Mas eu não tenho nada a esconder

[…] Ao dizer que você não precisa ou não liga para ter privacidade porque não tem nada a esconder, está assumindo que ninguém deveria, nem poderia, conseguir esconder nada — incluindo status de imigração, históricos de desemprego e de saúde. Você está assumindo que ninguém, nem mesmo você, pode se recusar a revelar para qualquer um informações sobre suas crenças religiosas, afiliações políticas, ou preferências sexuais tão casualmente quanto alguns escolhem compartilhar um filme ou seus gostos musicais e de leitura.”  Edward Snowden

Nos sentimos justificados quando informações de anos atrás são usadas para desmascarar um abusador, como no caso Gabriel Monteiro, mas esse mesmo mecanismo está apontado para todos nós, e foi usado para forjar acusações contra Julian Assange por ter divulgado os crimes de guerra do governo americano durante as guerras do Iraque e Afeganistão.  Por mais enojado que eu esteja com o caso Gabriel Monteiro, ele está sendo o exemplo perfeito de como a coleta de dados não é feita porque temos algo a esconder, mas sim para já ter uma forma de manipular e neutralizar qualquer pessoa, empresa, ou governo que um dia incomode o dono dessas informações.

Ta. Mas não tem nada que possamos fazer quanto a isso, não?

Para defender a liberdade no século XXI, não basta ser apenas defensor da liberdade econômica, da descriminalização da maconha, ou dos direitos LGBT+. É preciso também defender com o mesmo afinco a privacidade online, pois a batalha pela nossa privacidade é travada todo dia: já nas primeiras semanas do governo Bolsonaro, políticos foram à China para aprender o know how de como aplicar um sistema de crédito social no Brasil (abandonado por pressão popular) e, mais recentemente, correm para implementar o real digital, capaz de guardar um histórico de todas as transações feitas pelos usuários e suspender o uso caso necessário.

Se a luta pela privacidade online for perdida, os direitos a uma vida pública e uma privada de John Locke serão perdidos para sempre. Sim. Ficamos felizes de ver isso sendo usado para “o bem” no caso Gabriel Monteiro, mas quanto tempo até normalizamos publicar nome e endereço reais das contas anônimas para que sejam perseguidas por suas ideias? Isso acaba de acontecer lá fora com o Washington Post expondo a conta @libsoftiktok, mas os EUA tem a primeira emenda para protegê-los, enquanto nós temos o Xandão. 

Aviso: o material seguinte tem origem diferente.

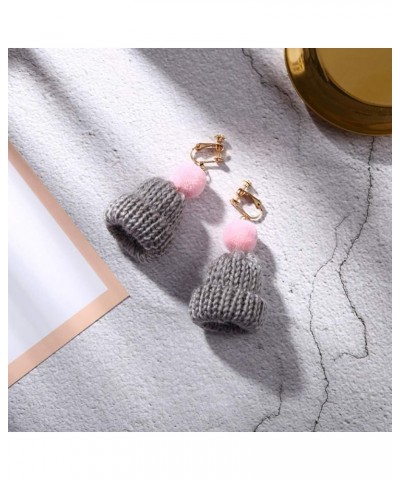 Christmas Earrings Sweet Women Pompom Beanie Hat Dangle Clip Hook Earrings Jewelry Gift White Earring White Ear Clip $5.49 Ea...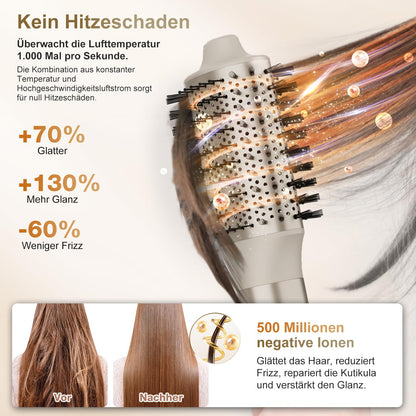 7MAGIC 6 in 1 Airstyler Haarstyler Auto Wrap Lockenstab Ionen Föhn Rundbürste Glätteisen Reisen Champagnergold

Como fazer para se proteger

Pra começar? Largue o Chrome. Substitua-o por alternativas como Firefox ou Brave. Não reutilize senhas e faça suas buscas anônimas no Tor. Substitua o Whatsapp pelo Signal ou o chat secreto do Telegram para conversas sensíveis.  Recomendações adicionais sobre o que baixar e como agir podem ser encontradas em https://www.privacytools.io/.

O importante é, acima de tudo, buscar proteger sua privacidade online da forma que puder e defender as causas da privacidade com o mesmo afinco de qualquer outra causa. Tenha em mente que suas informações estão sendo coletadas não pelo que você fez mas, como vimos com o Gabriel Monteiro, para te destruir se um dia virar um obstáculo ao poder estabelecido. Essa é a chamada 5ª geração da guerra (a 4ª era o terrorismo), e aqueles que a ignoram correm o risco de um dia acordarem numa tirania autoritária sem nenhuma liberdade para reagir.